El-Dababi made his comments during his participation in the third edition of Al-Ahram Establishment’s two-day pharmaceutical conference that kicked off on Sunday.
He noted that the region’s pharmaceutical sector has grown notably over the past few years, adding that spending in this sector is estimated to reach $60 billion by 2025.
The 18 countries in the MENA region contain 140 pharmaceutical companies, comprising two percent of the global market, according to the CEO of the British multinational pharmaceutical company.
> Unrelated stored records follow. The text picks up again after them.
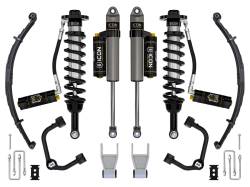 ICON Vehicle Dynamics - ICON K93164TL Stage-4 2.5-3" Lift Tubular CDCV/Leaf Pack for 21+ F150 Tremor - Image 5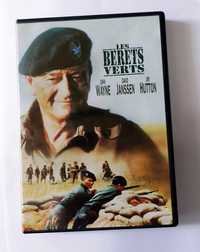 LES BERETS VERTS | film wojenny na płycie DVD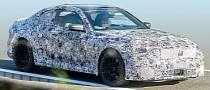 G87 BMW M2 Coupe Spied Completely Camouflaged, Expected With 420 PS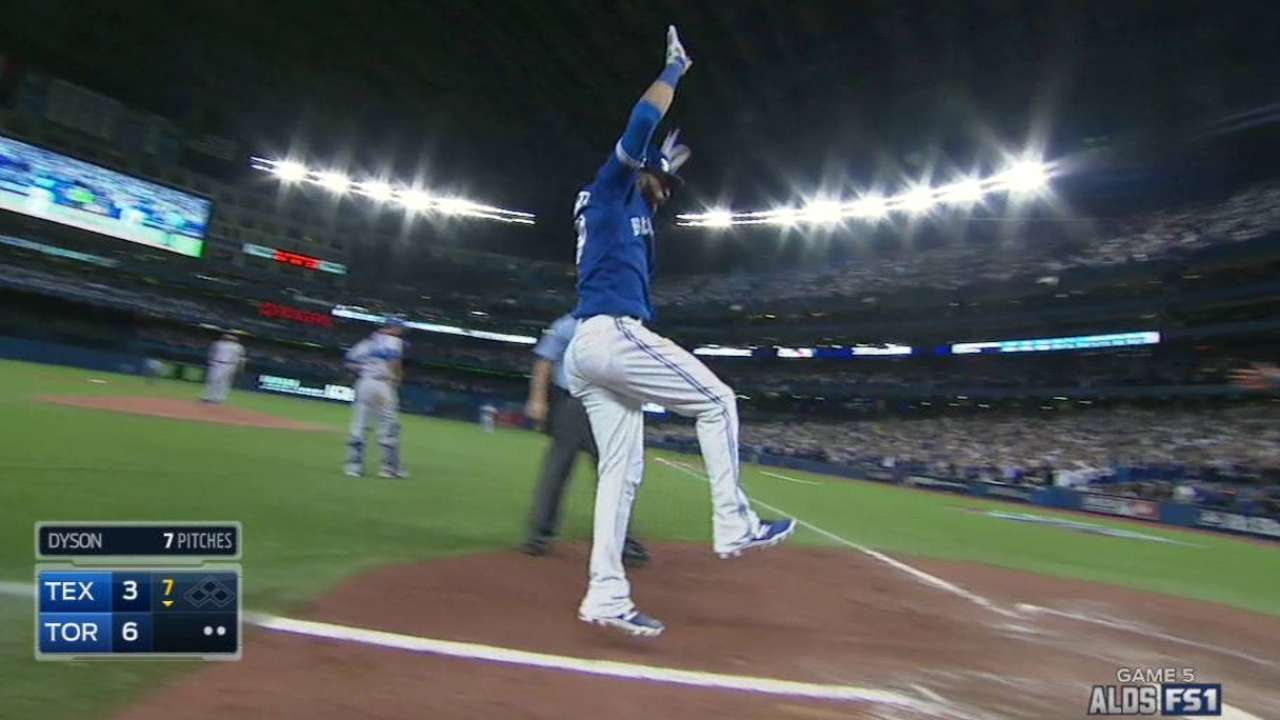 Bautista's go-ahead homer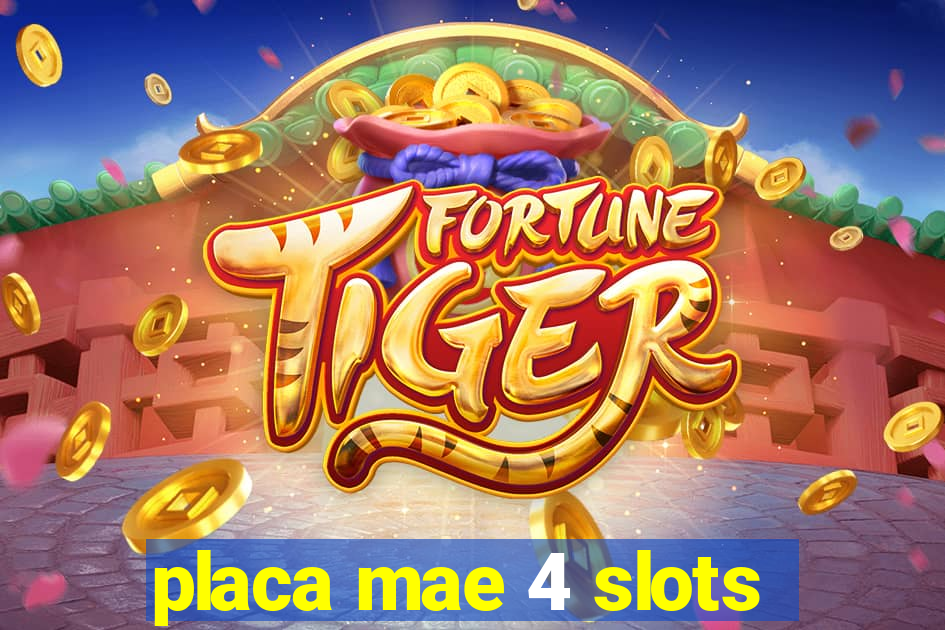 placa mae 4 slots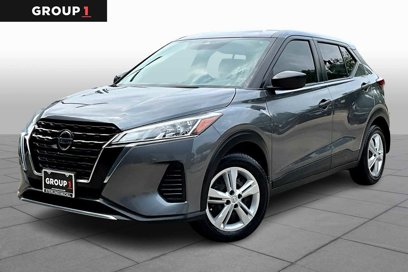 Certified 2021 Nissan Kicks S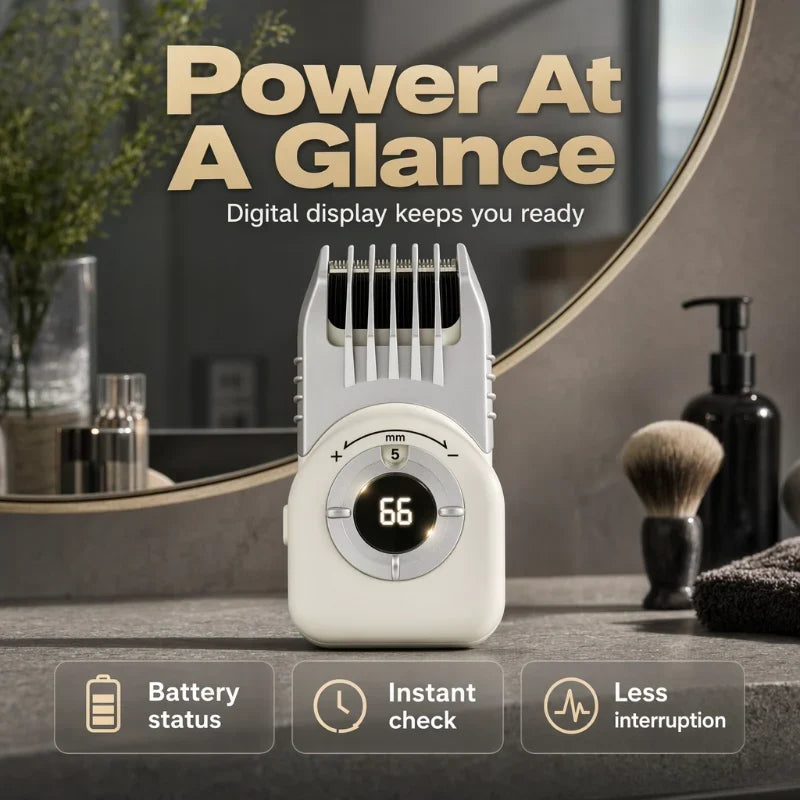 GroomMaster — Precision Style Confidence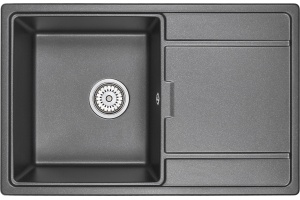 Мойка кухонная Granula GR-7804 черный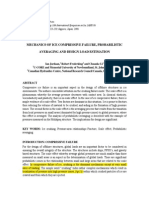 Mechanics of Ice Compressive Failure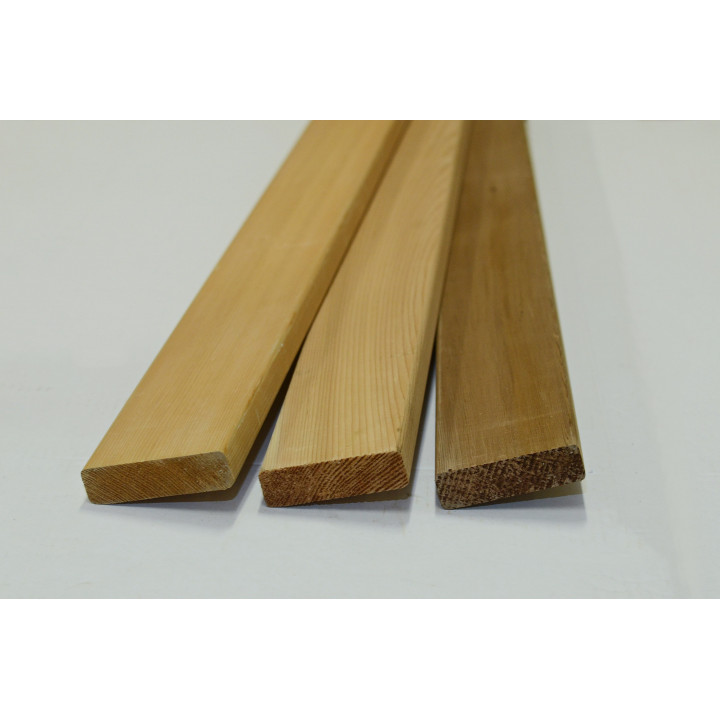 Een stapelbed, 26 x 89 mm, ceder 2.13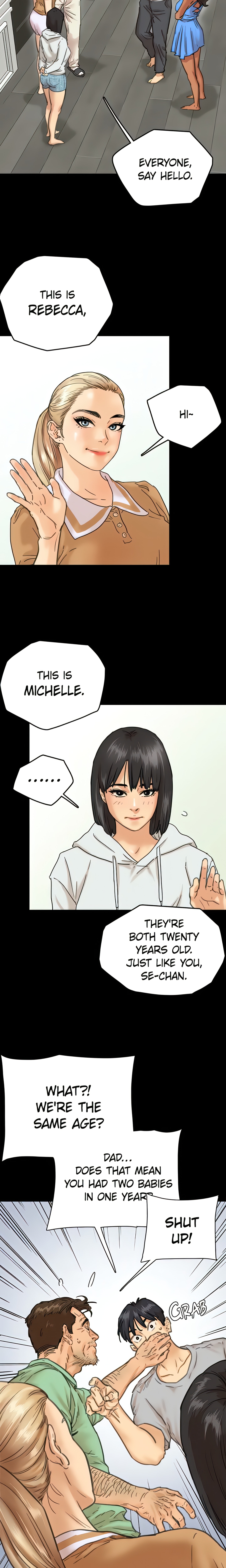 The Patron’s Daughters (Official) chapter 2 page 7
He also urged Egyptian policymakers to set a national strategy to localise pharmaceutical industries.
“Local pharma manufacturing in the MENA region represents between 32-57 percent of the consumed pharma packages. Egypt is one of the pioneering countries in terms of pharma industry localisation compared to other countries in the region, as local pharma production to consumption ratio in the Egyptian market is over 65 percent,” according to El-Dababi.
Despite that, there is still a deficit in the pharma trade balance in the region, as the sector’s imports surpass its exports by tenfold. Reversing this requires raising investments in the sector and its local manufacturing, said El-Dababi.
This will also require focusing on fair pricing, reducing the cost of the local production and providing production supplies locally, El-Dababi explained further.
He also added that localising the manufacture of vital drugs, such as vaccines and oncology drugs, represent opportunities for reducing reliance on imports.
Yet, there are a number of challenges that need to be addressed, including the lack of clarity regarding long-term drug use that leads to hesitation from investors regarding the economic viability of the local manufacturing, according to El-Dababi.
“Thus, it is necessary to amend the regulations and laws that govern the annual tenders as well as developing long-term agreements that allows the tranquillity of the viability of transferring technology and investment to the local manufacturing, especially for the strategic drugs.”